Decorated peppermint candle

(hey, my sister-in-law's name is Ana L. - I have to take advantage of it)
ANAL

Mmm, the tree is loveable and delicious

Tuesday, October 21, 2008

1st 1/2 Marathon

It was a success! I finished in 2:30 2:03 (stupid mixing up of numbers) and I didn't walk, which was my only real goal besides just finishing.

The race started at 7:30am and it was freezing out. 38 degrees and dark - I was in shorts. 'Nough said.

It was an amazing experience to run for hours with 11,500 people and to see so many people standing outside in the cold cheering us on.

My parents, Matt & his sister met me at mile 9, at which point I felt really good.
Mile 9

Seeing the fam for the first time - mile 9

By mile 11, though, I would have paid money to sit down for a minute. Despite the guy chatting on the phone next to me, though, I muscled through and made it to the finish.

Mile 11 Series

Matt's cousin ran the full marathon and finished in 3:30, which qualified her for Boston - way to go Heidi! And of course we had to pose with our medals afterwards.

Goofing off

Goofing off

Goofing off

Official pose

Pride in a job well done

Monday, October 06, 2008

Everyone

Someday, I'm going to invent an imaginary friend, name him Everyone, and make him happy. That way, I can claim that once in my life, I managed to please everyone.

Ever have one of those days?

That aside, the training for the Half is going well. A week and a half ago, I ran my last long run - 12 miles. Just one mile short of the half marathon. I feel ready. Except for this cold that I'm currently sporting, but I have time to kick that. My strategy for preparing for this race includes:
  • Positive thinking
  • A kicka$$ playlist
  • Short runs between now & the race (especially in this cooler weather so I can adjust to the temp)
  • Lots of water
  • Not much salt
  • Flat shoes
Most of this will become more important the week leading up to the race, but at this point, after about 6 months of training, that's what's going to get me to the finish line.

Saturday, September 20, 2008

Falling with a Strategy

I accomplished my 11 miles this morning - woo!

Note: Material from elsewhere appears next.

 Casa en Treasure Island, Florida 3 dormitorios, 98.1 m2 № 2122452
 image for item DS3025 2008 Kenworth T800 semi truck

This time I stuck to my normal route around the neighborhood so I could take Charlotte with me. She made the first 5.5 miles and then I dropped her off at home to finish on my own. I even managed to do that without hardly slowing down. We blew through the front door, I unhooked the lease, made a beeline for the fridge to grab a fresh water bottle, went out the back door and finished the run.

I love running through our neighborhood. It seems to be a very fit and dog-friendly place. There are always other runners out, people walking their dogs and I hardly ever make it through a run without seeing the local cops either in cars or on bikes, so I feel very safe. The only downside is that the sidewalks are anything but smooth. You would thing we'd been hit by an earthquake that uprooted all the concrete, which then settled in random heaps. I pretty reliably fall once every Summer. Usually on days when I'm especially tired and not picking my feet up high enough - today was one of those days.

I'd been thinking about my annual fall, though and I felt prepared. Usually I fall very superman-like and my hands take the brunt of the fall. I'm left to run home with scraped up and stinging hands. I've been tempted to ask one of those nice local cops for a ride, but apparently I'm too stubborn.

So today, I was running along our nice bumpy sidewalks and my the toes of my right foot tripped on the pavement. And suddenly, my body went into autopilot and I didn't realize what I was doing until it was already done. In the half-second it took me to fall, I let go of the leash and with whatever leverage I still had on the toe of my shoe, I launched myself sideways into the grass and rolled to my side before I hit. I made a very nice landing in some soft grass and I have no blood to show for it. Not bad. I guess it always pays to have a strategy.